To read as if it were poetry
The company I worked for joined the trend then The IT bubble burst in the 2000s. According to Bår Stenvik in the book The big game (2021) it was around the same time that Google, on the brink of bankruptcy, changed its business model and started making money from information about users. Both what is inside and behind the image on my screen is now much more complex than the hmtl codes of the 1990s. So I tape over the little camera eye for fear of being watched and I find myself facing something unreal real that I don't understand and every time I do I remind myself of one of the most important things I learned when I took a master's degree in theater at the Oslo Academy of Arts a few years ago. A wise teacher introduced me to the art of approaching difficult theoretical texts by reading as if they were poetry, not caring whether I got everything in, reading as if listening to music, enjoying the sound of words, an interesting twist , a new word I don't know before. And slowly, slowly, the complex and difficult seeps in, and maybe it is only after a few days or months in a conversation with someone or in the reading of something else that what I now do not understand, but still read, falls into place.
The fourth industrial revolution
Inga Strümke, researcher at Artificial Intelligence at NTNU and author of the book Machines that think (2023), point out that we are now in the fourth industrial revolution. Sci-fi could help us see our own times, but now er vi sci-fi. We've been there before too, but now we really are, aren't we? We are here, but where are we really? Some technologists will stop, others will fire on. Which narratives will now help us see ourselves?
Strümke turns to philosophy and Martin Heidegger: She freely paraphrases him by saying that technology is a way of seeing oneself, and that we create our worldviews based on the technology we surround ourselves with.
But what when technologyone resembles the human? It is as if technology is so close to us that it remains in the blind spot. The sci-fi genre's distance in time and place has been zeroed out. The membrane between us and the stranger, which in turn can lead to the discovery that the stranger is in me, is gone. I feel stupid when I have to read in the newspaper that technology has become such a big part of our everyday lives that we don't think about it. I'm just as addicted to google as I am of my glasses. And I don't stop googling even though I know that every time I google, I leave traces that are used for machine learning, so someone makes money off of me. I have to remember it, know it, update myself and be alert. Because there is always something behind the picture.
Strümke turns to philosophy and Martin Heidegger
"Behind the image is God", says the English painter and writer John Berger in the iconic TV series Ways of Seeing from 1972 when he talks about the icon paintings and the age of reproduction – when people stopped visiting the church to experience ikonone.

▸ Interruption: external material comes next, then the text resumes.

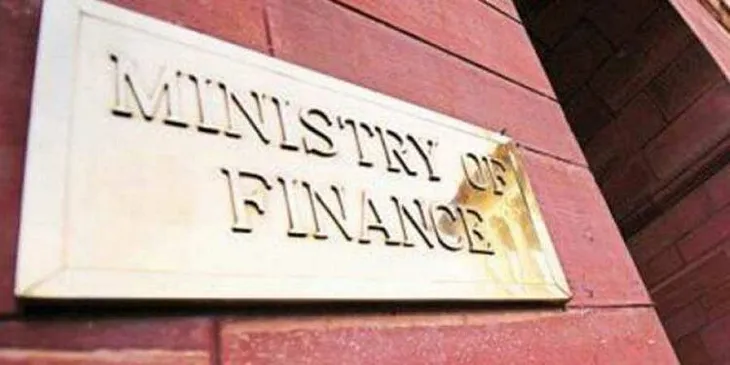 Finance Ministry Orders 12 Senior Govt Officers to Retire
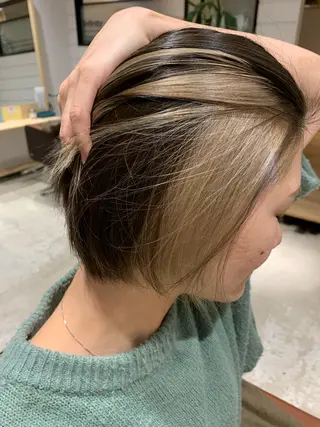 ショート カラー infinity新富町所属・池田 美玖のヘアスタイル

From the second half of the 1900th century, the icons could be owned privately, as reproductions. Was God still behind the picture on everyone's walls? Or did the icon become just an image among other images?
Now is computer screenone of the icons of our time. And even though we know that it is the big technology companies that are behind the screens and trap us with algorithmsne sine, we often talk about artificial intelligence (AI) as a being with purpose and thoughts, not unlike John Berger's statement about the icon paintings: "Behind the image is God." While Strümke points out that KI is not even a countable noun. You can't say én AI. It is certainly like saying én biology.

Digital ethics
Fortunately, professionals from various fields have formed NORTH, a separate council or think tank for digital ethics with, among others, the aforementioned Stenvik and Strümke. I imagine that this advice places itself in our blind spot and regularly knocks, because dealing with AI is a bit like author Thure Erik Lund describes the writing process in an interview with Morgenbladet about the novel vertebrae, where KI himself speaks: "You know what you're writing, but at the same time you don't really before you have unfolded it.”